# Work task:
Restate, word for word, the run of lines that starts at the line containing "Woman in white" and ends with the final line of the listing. Leave pictures out.

━━━━━━

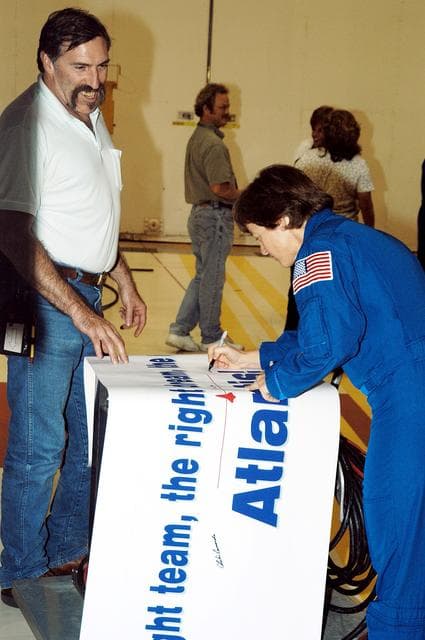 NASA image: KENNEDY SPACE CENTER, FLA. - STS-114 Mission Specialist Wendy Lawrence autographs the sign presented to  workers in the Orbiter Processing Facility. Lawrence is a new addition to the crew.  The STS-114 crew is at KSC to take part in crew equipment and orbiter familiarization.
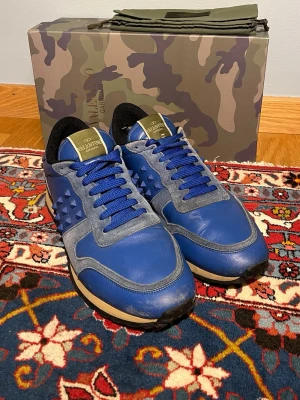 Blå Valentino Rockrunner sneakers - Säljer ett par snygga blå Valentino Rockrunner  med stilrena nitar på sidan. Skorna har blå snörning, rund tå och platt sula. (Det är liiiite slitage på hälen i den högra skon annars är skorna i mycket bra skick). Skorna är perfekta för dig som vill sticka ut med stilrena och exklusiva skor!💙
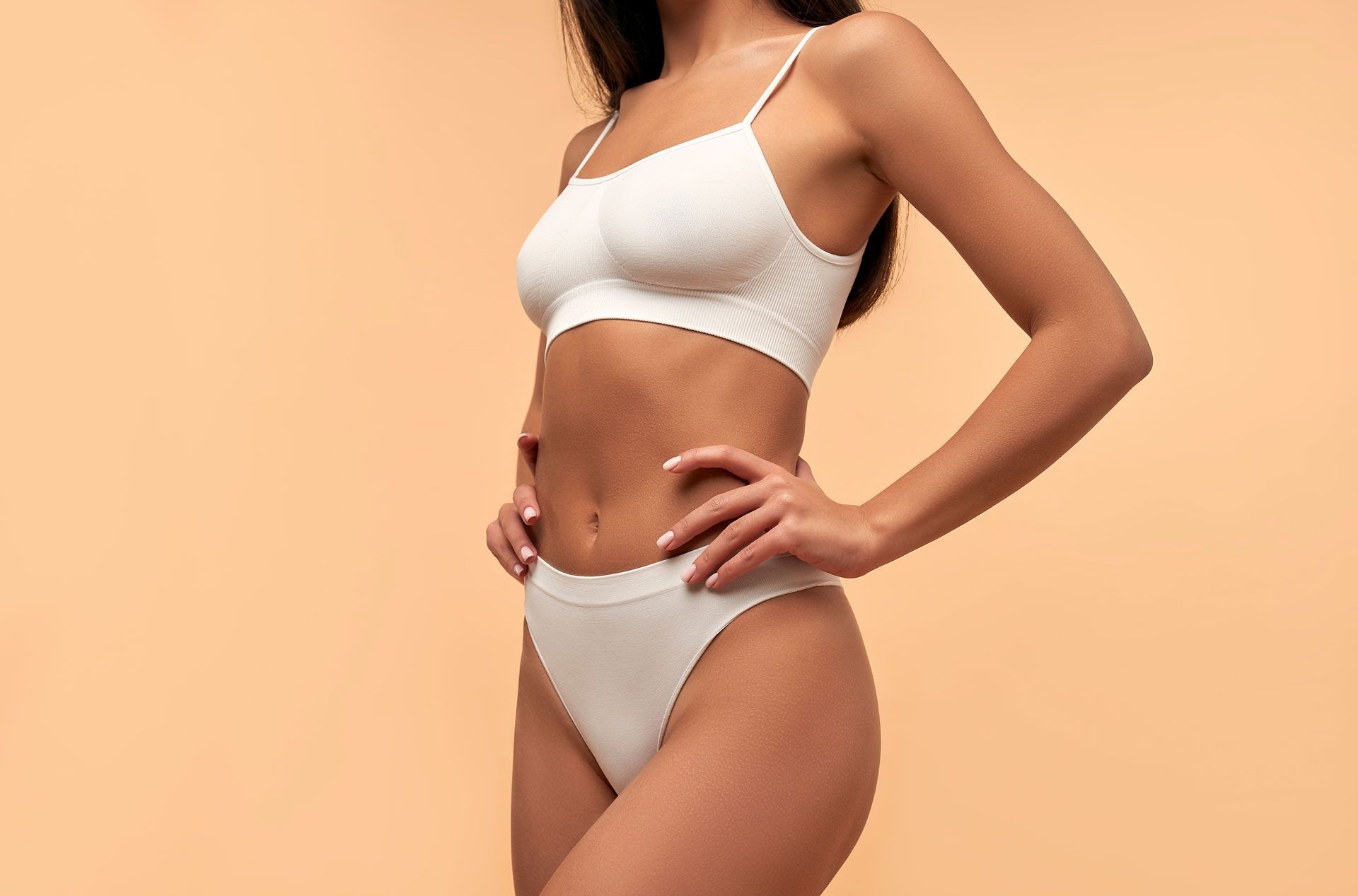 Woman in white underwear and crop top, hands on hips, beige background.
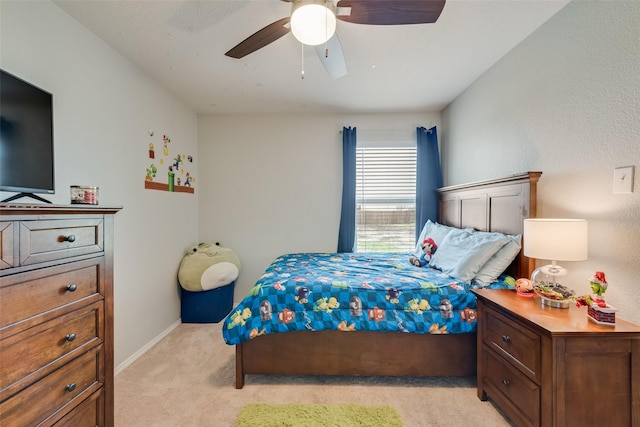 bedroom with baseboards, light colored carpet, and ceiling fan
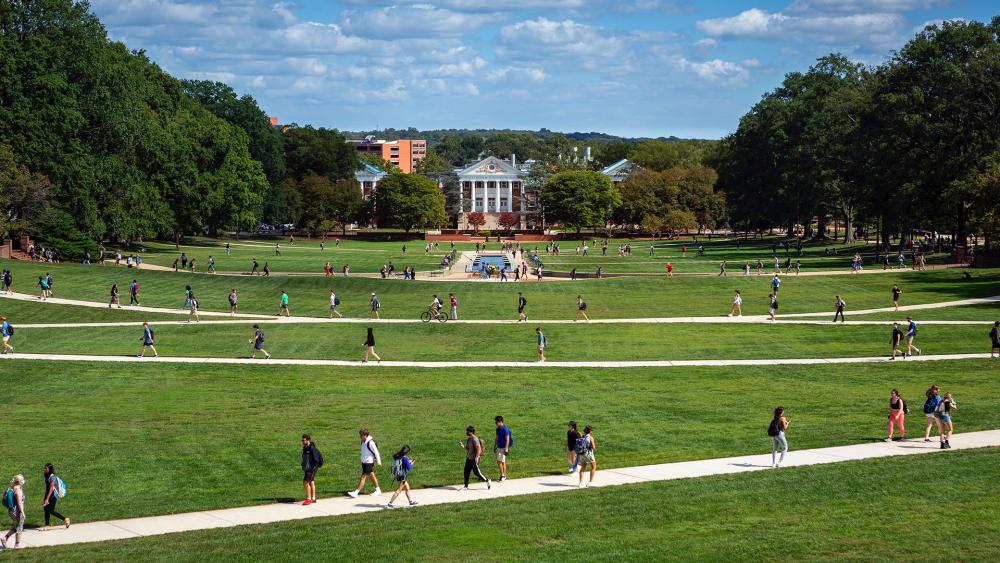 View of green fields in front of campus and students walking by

━━━━━━

# Completed task:
 Woman in white underwear and crop top, hands on hips, beige background.
 bedroom with baseboards, light colored carpet, and ceiling fan
 View of green fields in front of campus and students walking by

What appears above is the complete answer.